EXTRACTED RECORDS:
-- Opening Marker --

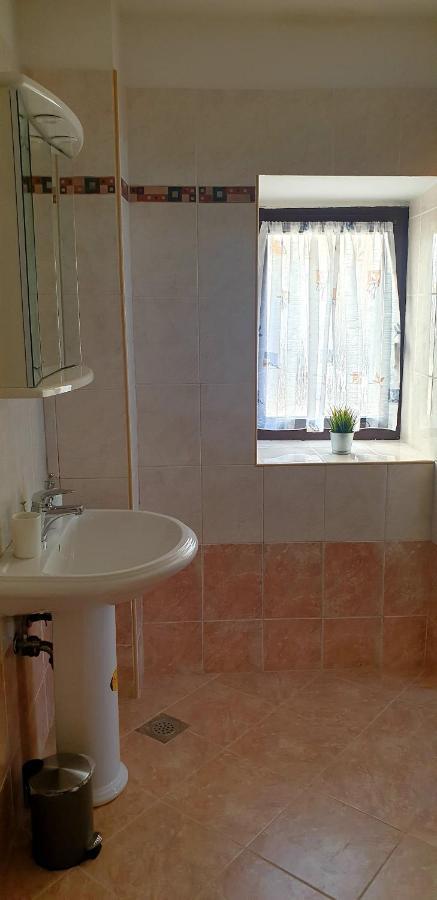 Apartments And Room Vela Senj  Εξωτερικό φωτογραφία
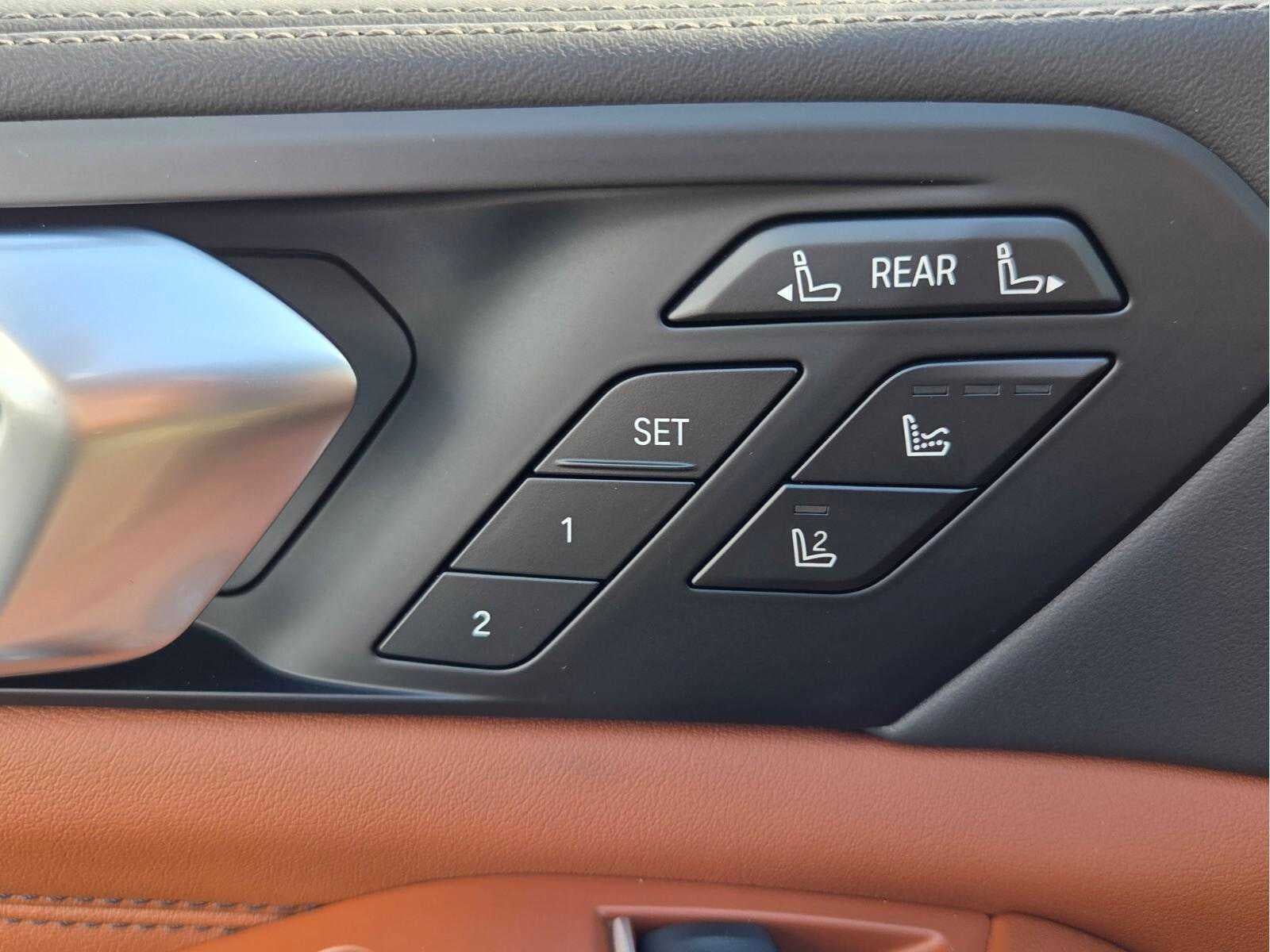 2027 BMW X7 xDrive40i xDrive40i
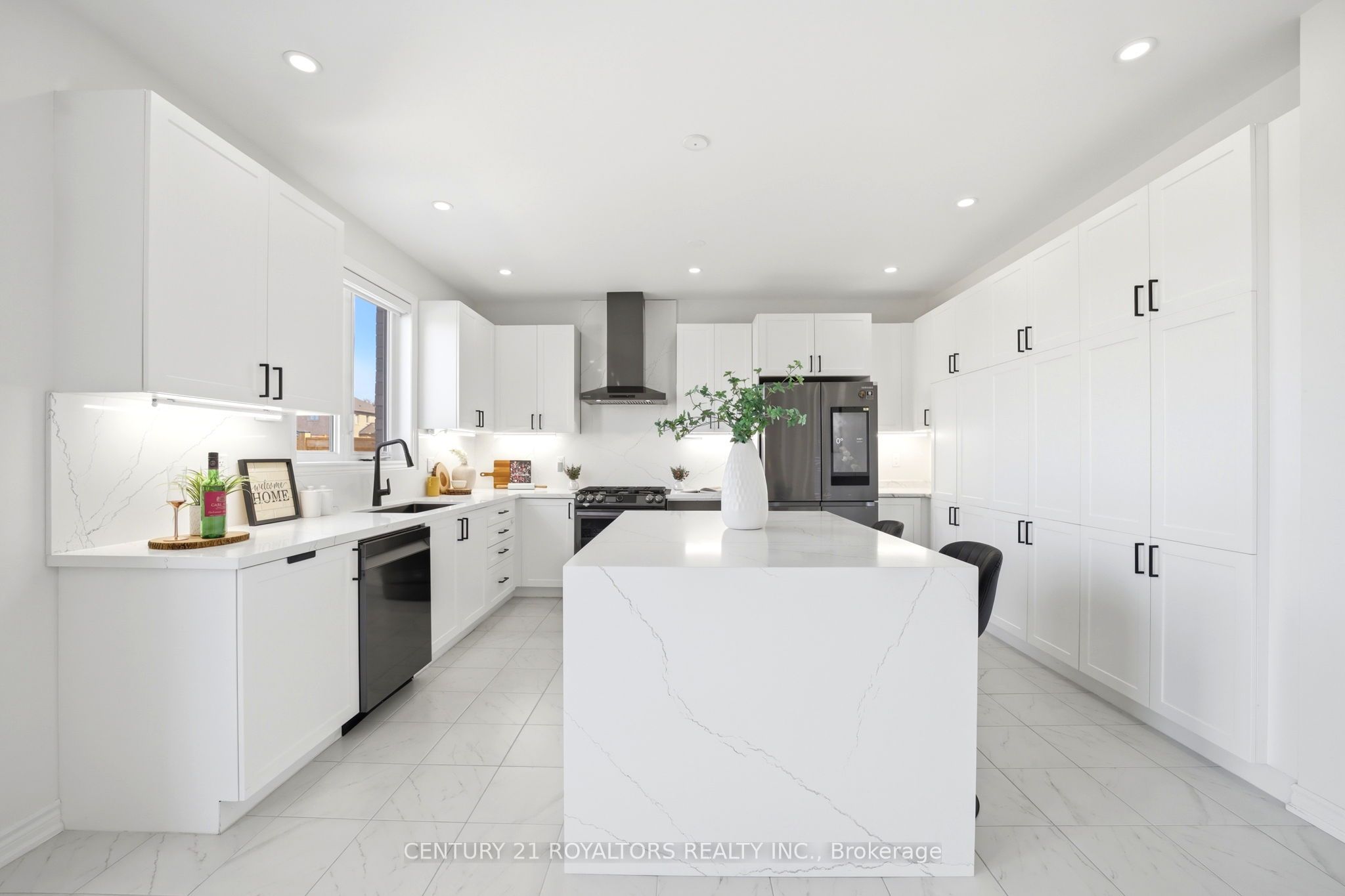 107 Rugman Crescent Property Photo 17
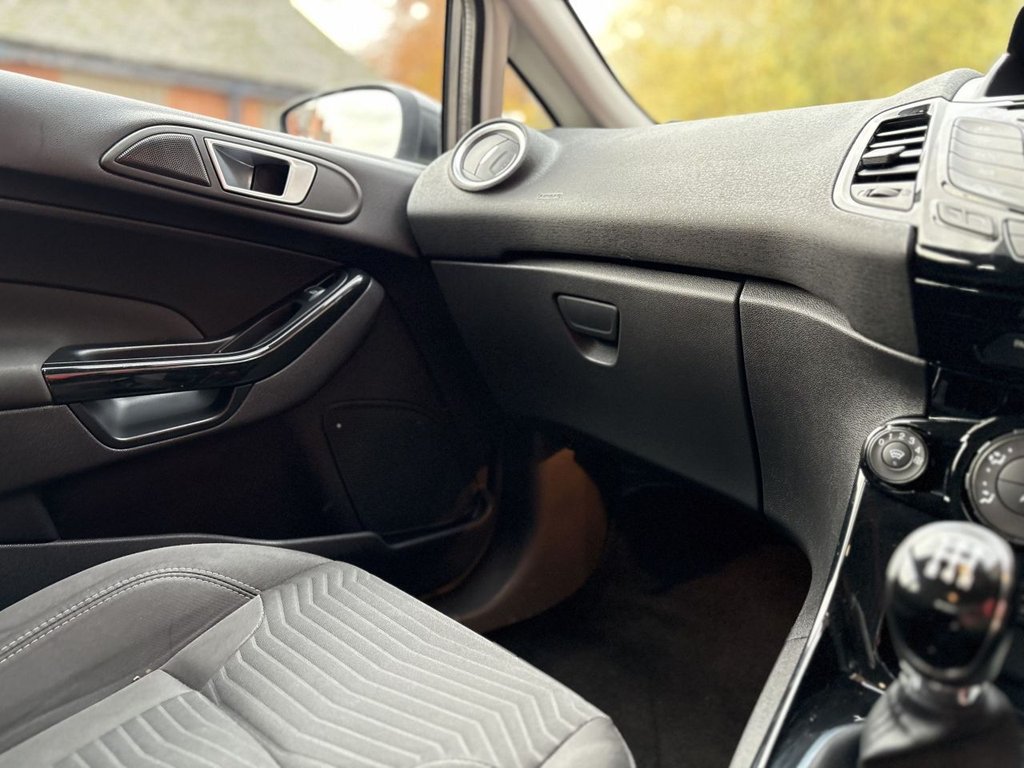 Used Ford Fiesta 2017 for sale - 76454547: Photo 31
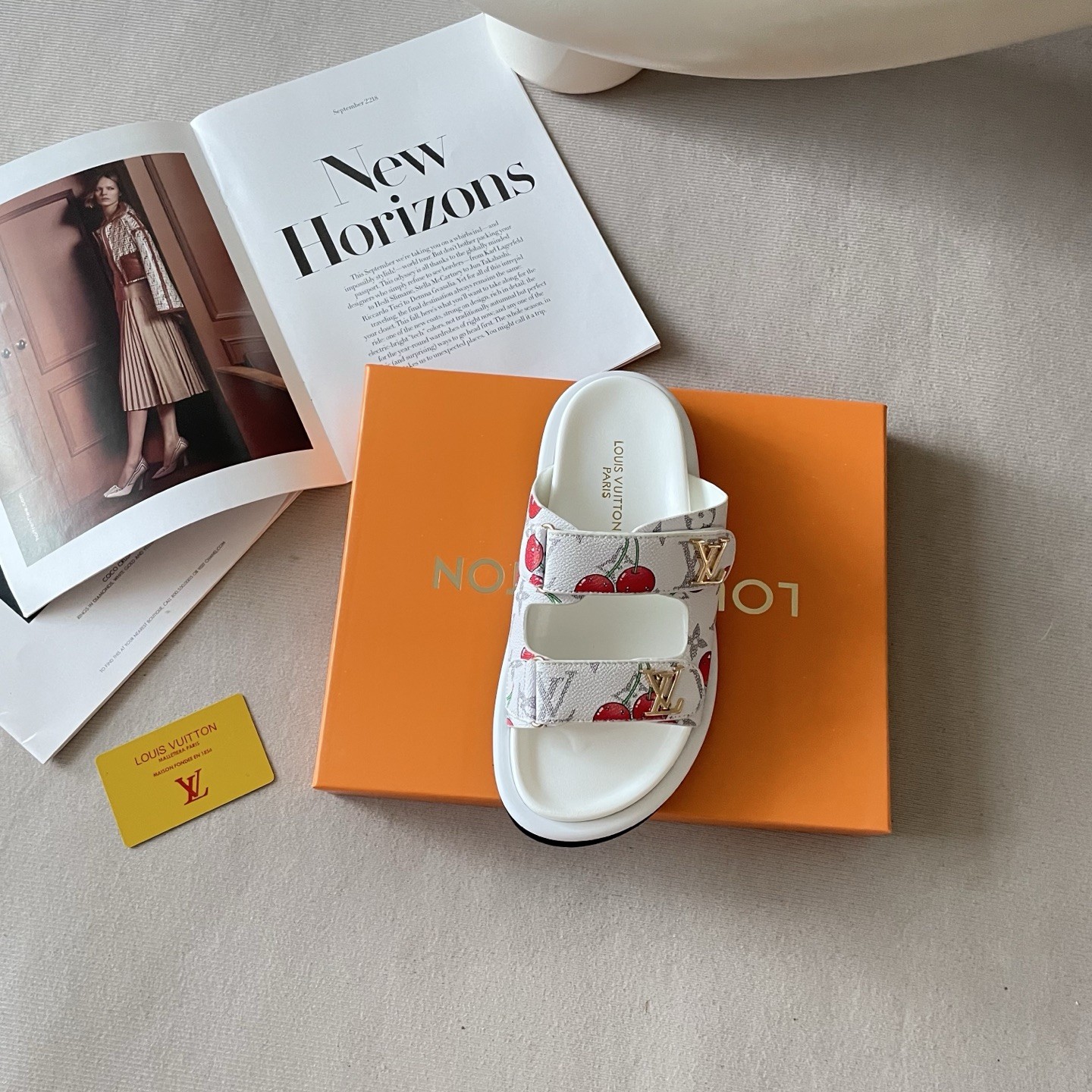 LOUIS VUITTON チェリーシリーズ マジックテープサンダル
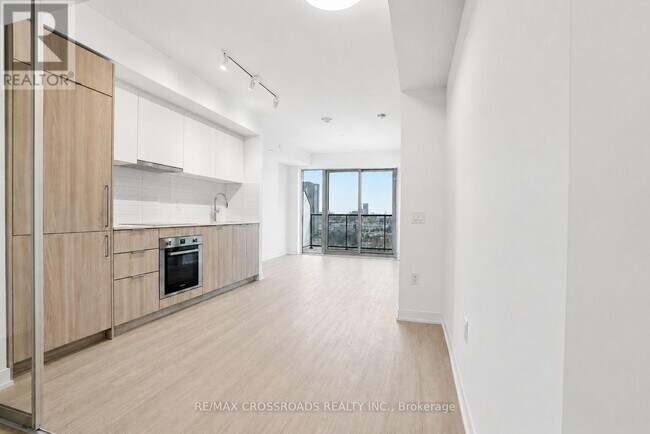 Building Photo - 15 David Salomon Drive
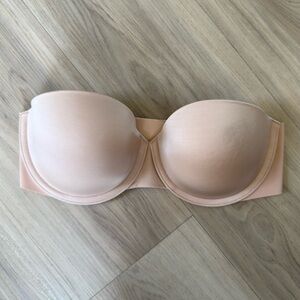 Women’s SPANX
LIKE NEW Strapless Smooth Suit Your Fancy Bra
Size:36C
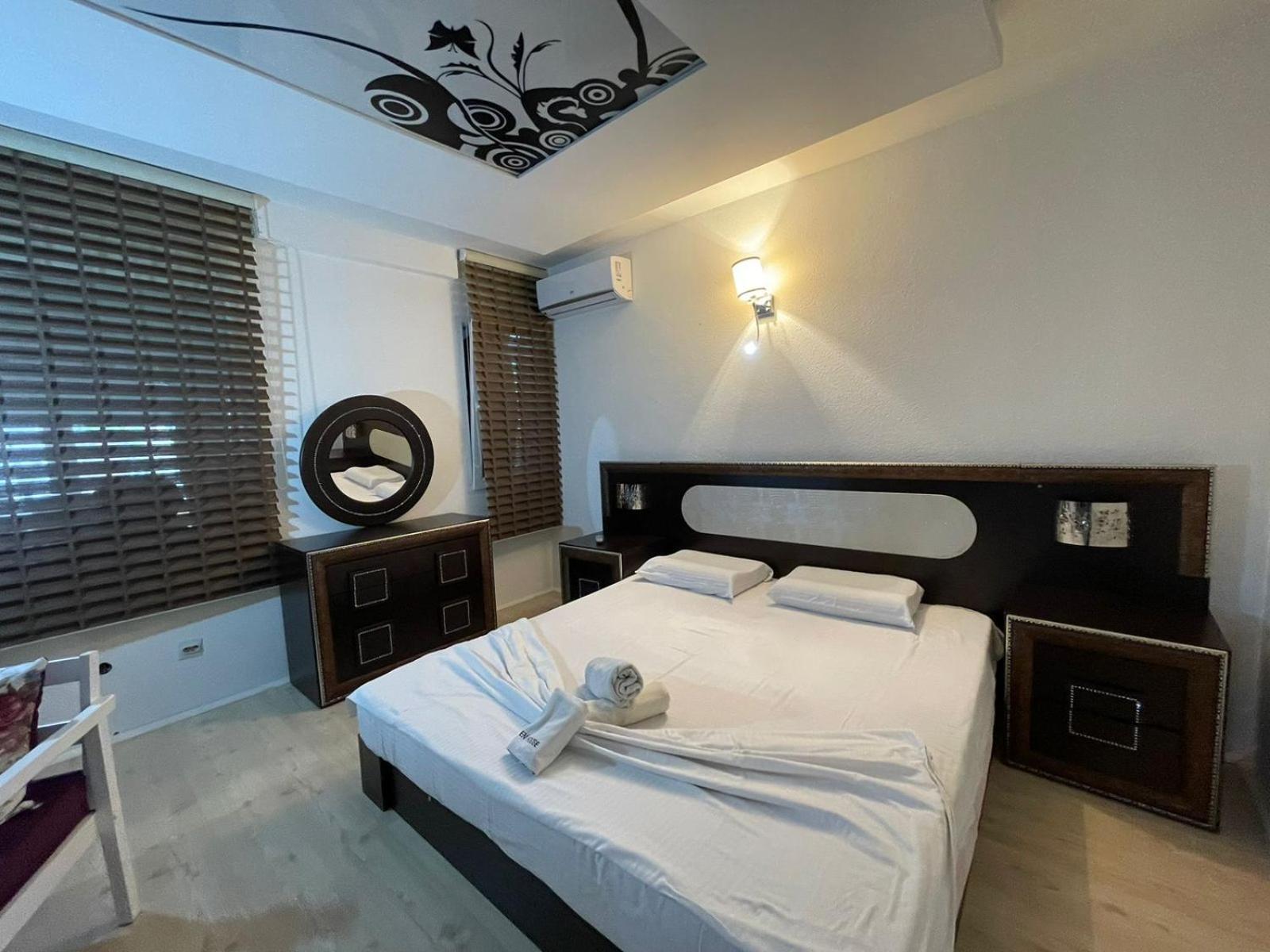 Deni House Lejlighedshotel Prizren Eksteriør billede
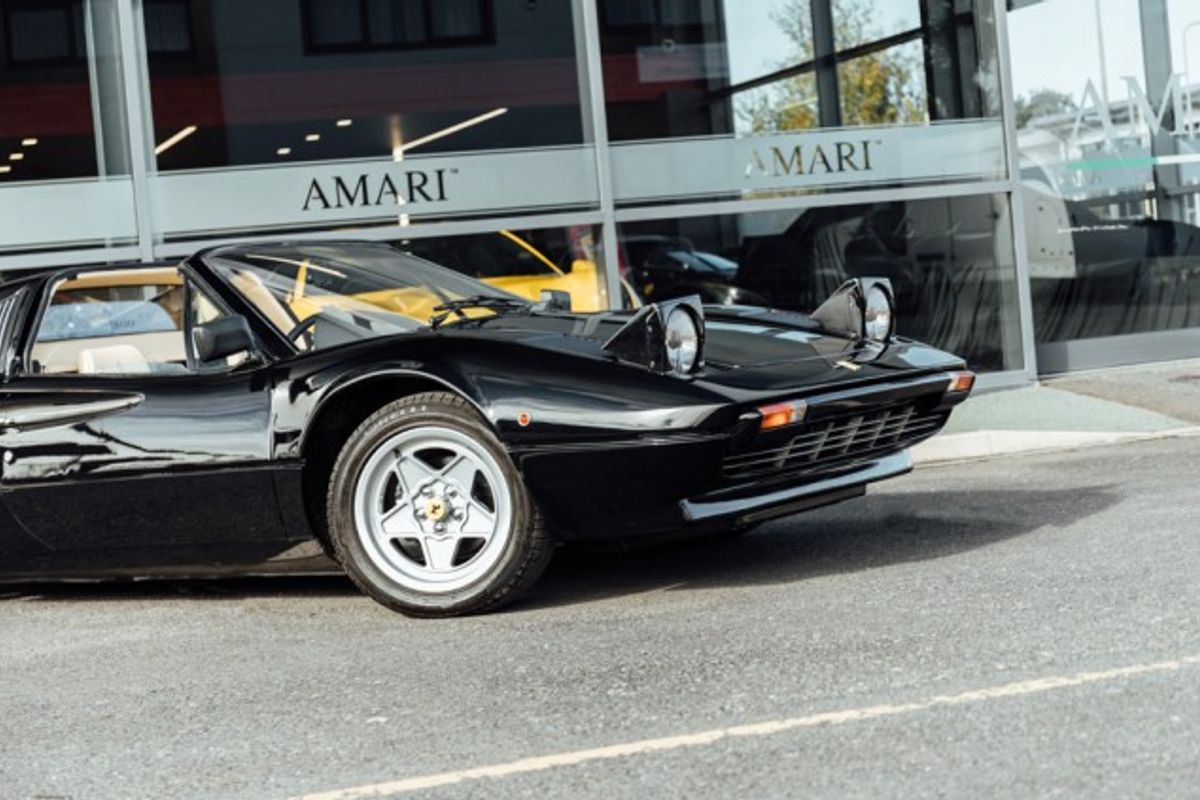 FERRARI 308 GTSi 2.9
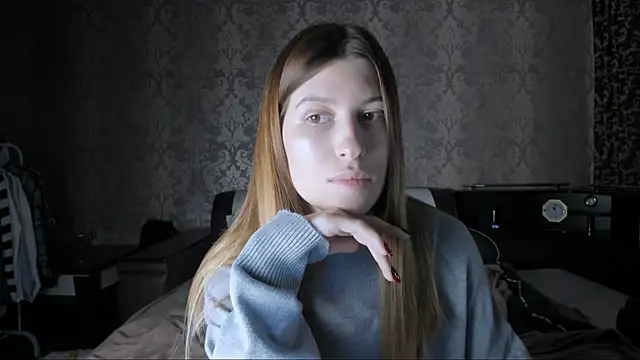 Snapshot of Agnes_Allenn chatting on 09/24/25, 10:00 Agnes Allenn online show from 09/24/25, 10:00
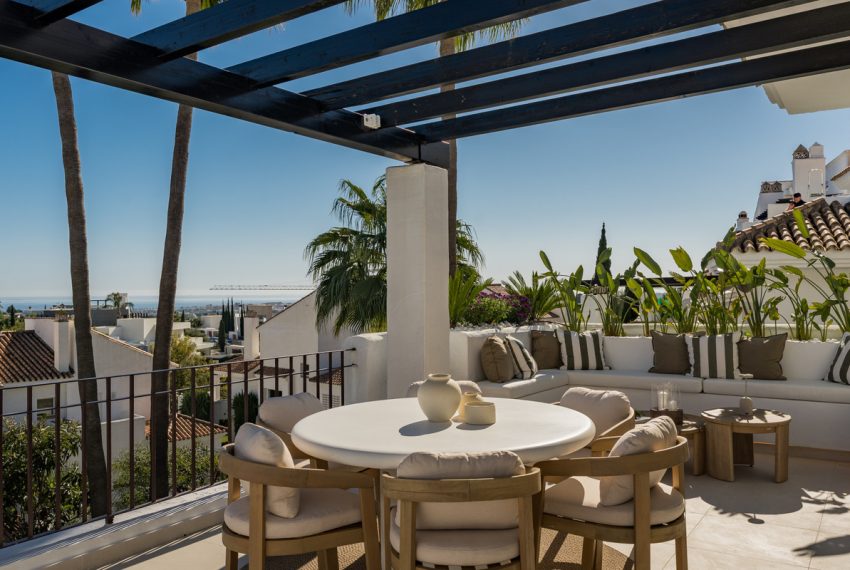 R5362309-Apartment-For-Sale-Nueva-Andalucia-Penthouse-Duplex-3-Beds-245-Built-3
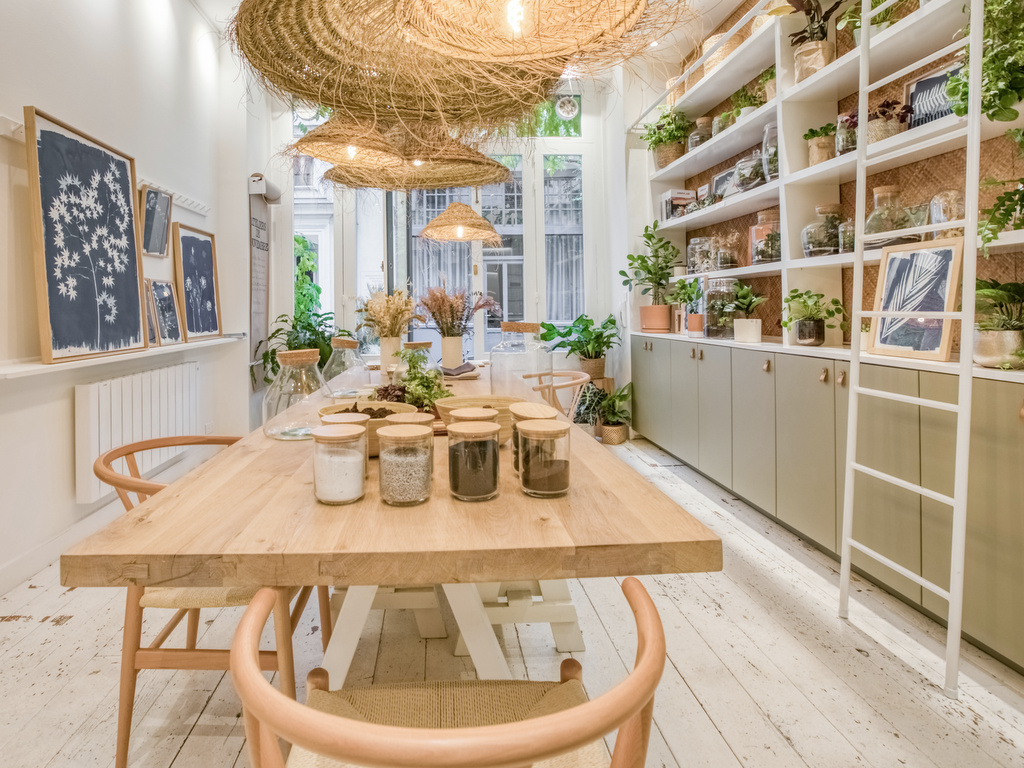 découvrez notre cabane végétale, un havre de paix mêlant nature et modernité. idéale pour se déconnecter, elle offre un espace de vie unique au cœur de la verdure. parfait pour les amoureux de la nature!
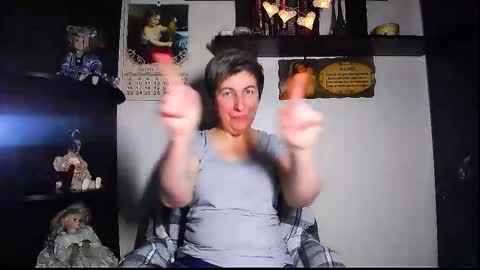 Snapshot of miss_tasha_kom chatting on February 7, 2026, 9:13 am miss_tasha_kom online show from February 7, 2026, 9:13 am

-- Closing Marker --

Your answer must be exactly the lines from the one containing "Deni House Lejlighedshotel" through the last line of the records above, both included, with every picture left out.

WORKED SOLUTION:
 Deni House Lejlighedshotel Prizren Eksteriør billede
 FERRARI 308 GTSi 2.9
 Snapshot of Agnes_Allenn chatting on 09/24/25, 10:00 Agnes Allenn online show from 09/24/25, 10:00
 R5362309-Apartment-For-Sale-Nueva-Andalucia-Penthouse-Duplex-3-Beds-245-Built-3
 découvrez notre cabane végétale, un havre de paix mêlant nature et modernité. idéale pour se déconnecter, elle offre un espace de vie unique au cœur de la verdure. parfait pour les amoureux de la nature!
 Snapshot of miss_tasha_kom chatting on February 7, 2026, 9:13 am miss_tasha_kom online show from February 7, 2026, 9:13 am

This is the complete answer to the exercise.